Datashader is a great add-on on top of Bokeh that enables visualization of very large data sets.

Why browser-based interactive data visualization?

I think the interactive part is easy to answer. The more you can interact with your data, particularly during the exploratory phase of data analysis, the more you can learn. When doing exploratory data analysis, we typically make lots and lots of plots to see patterns. If we can expedite this process, we can be more efficient and effective in our analysis.

Why browser-based? There are two simple answers to this. First, everyone has one, and they are relatively standardized. This makes your graphics very portable. Second, there are lots of tools for efficiently rendering graphics in browsers. Bokeh uses HTML5 canvas elements to accomplish this. These tools are mature and stable, thereby making backend rendering of the graphics easy.

Data for this tutorial

We will use the tidy DataFrames from the first couple weeks of class as we explore Bokeh's features and do some interactive visualizations. So, let's load in the DataFrames now.

In [5]:
# The frog data from tutorial 1a
df_frog = pd.read_csv('../data/frog_tongue_adhesion.csv', comment='#')

# The MT catastrophe data
df_mt = pd.read_csv(
    '../data/gardner_et_al_2011_time_to_catastrophe_dic.csv',
    comment='#')

# These were generated in tutorial 2a
df_fish = pd.read_csv('../data/130315_10_minute_intervals.csv')

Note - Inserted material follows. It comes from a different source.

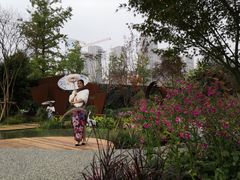 -重庆市江北嘴中央商务区中央公园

Before moving on, we'll go ahead and tidy the MT catastrophe DataFrame.

In [6]:
# Tidy MT_catastrophe DataFrame
df_mt.columns = ['labeled', 'unlabeled']
df_mt = pd.melt(df_mt, var_name='fluor', value_name='tau').dropna()

High-level charts

Perhaps the easiest way to get started with Bokeh is to use its high-level charts. These allow for rapid plotting of data coming from Pandas DataFrames, much like the plotting utilities in Pandas itself.

Line plot

We'll start with a simple line plot of zebrafish sleep data.

In [7]:
# Pull out fish record
df_fish2 = df_fish[df_fish['fish']==2]

# Use Bokeh chart to make plot
p = bokeh.charts.Line(df_fish2, x='zeit', y='activity', height=300, 
                      color='dodgerblue')

# Display it
bokeh.io.show(p)

There are many things to note here. First, and most obviously, you can play with the various tools. You can select the tools in the upper right corner of the plot. Hovering over an icon will reveal what the tool does.

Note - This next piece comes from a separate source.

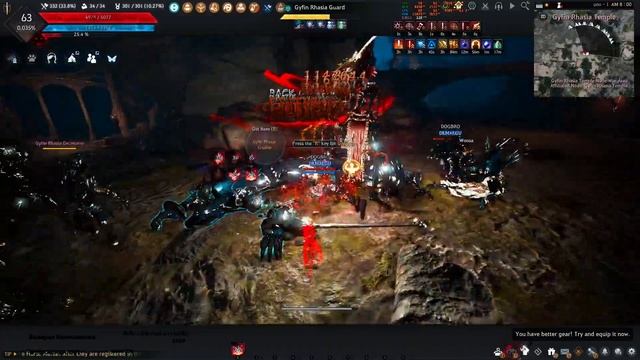 BDO MAEGU!!! EASY COMBO EXPLOSIVE BOMB BY DOGBROLOVELOVE смотреть онлайн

When we instantiate the bokeh.charts.Line object, we plot is returned, which we assigned to variable p. We can further modify/add attributes to this object. Importantly, the bokher.io.show() function displays the object. We have specified that the graphics will be shown in the current notebook with our import statements. We can also export the plot as its own standalone HTML document. We won't do it here, but simply put

bokeh.plotting.output_file('filename.html')

before the bokeh.io.show(p) function call.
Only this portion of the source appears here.